▶ [GIVEN RECORDS]
_____
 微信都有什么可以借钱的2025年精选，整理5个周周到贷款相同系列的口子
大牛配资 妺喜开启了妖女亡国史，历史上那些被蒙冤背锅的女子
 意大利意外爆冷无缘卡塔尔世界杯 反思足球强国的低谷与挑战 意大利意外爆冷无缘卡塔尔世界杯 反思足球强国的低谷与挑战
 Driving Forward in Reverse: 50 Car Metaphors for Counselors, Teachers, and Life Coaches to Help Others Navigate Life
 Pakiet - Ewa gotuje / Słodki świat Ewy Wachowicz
_____
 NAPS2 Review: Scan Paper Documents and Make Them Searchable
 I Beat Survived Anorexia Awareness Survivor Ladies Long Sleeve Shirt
_____
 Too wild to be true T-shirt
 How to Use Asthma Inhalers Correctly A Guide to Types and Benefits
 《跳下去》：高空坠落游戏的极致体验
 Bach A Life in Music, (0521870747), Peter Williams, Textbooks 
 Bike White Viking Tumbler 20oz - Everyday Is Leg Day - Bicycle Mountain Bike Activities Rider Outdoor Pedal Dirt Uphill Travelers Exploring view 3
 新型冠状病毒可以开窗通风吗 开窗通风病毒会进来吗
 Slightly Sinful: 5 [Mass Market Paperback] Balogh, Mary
_____
▶ [PROBLEM REQUIREMENTS] In the records above, the line with "微信都有什么可以借钱的2025年精选，整理5个周周到贷款相同系列的口子" marks the start and the line with "Pakiet - Ewa" marks the end; copy that stretch exactly, both lines included, and nothing else.

▶ [RESPONSE TO THIS EXERCISE]
 微信都有什么可以借钱的2025年精选，整理5个周周到贷款相同系列的口子
大牛配资 妺喜开启了妖女亡国史，历史上那些被蒙冤背锅的女子
 意大利意外爆冷无缘卡塔尔世界杯 反思足球强国的低谷与挑战 意大利意外爆冷无缘卡塔尔世界杯 反思足球强国的低谷与挑战
 Driving Forward in Reverse: 50 Car Metaphors for Counselors, Teachers, and Life Coaches to Help Others Navigate Life
 Pakiet - Ewa gotuje / Słodki świat Ewy Wachowicz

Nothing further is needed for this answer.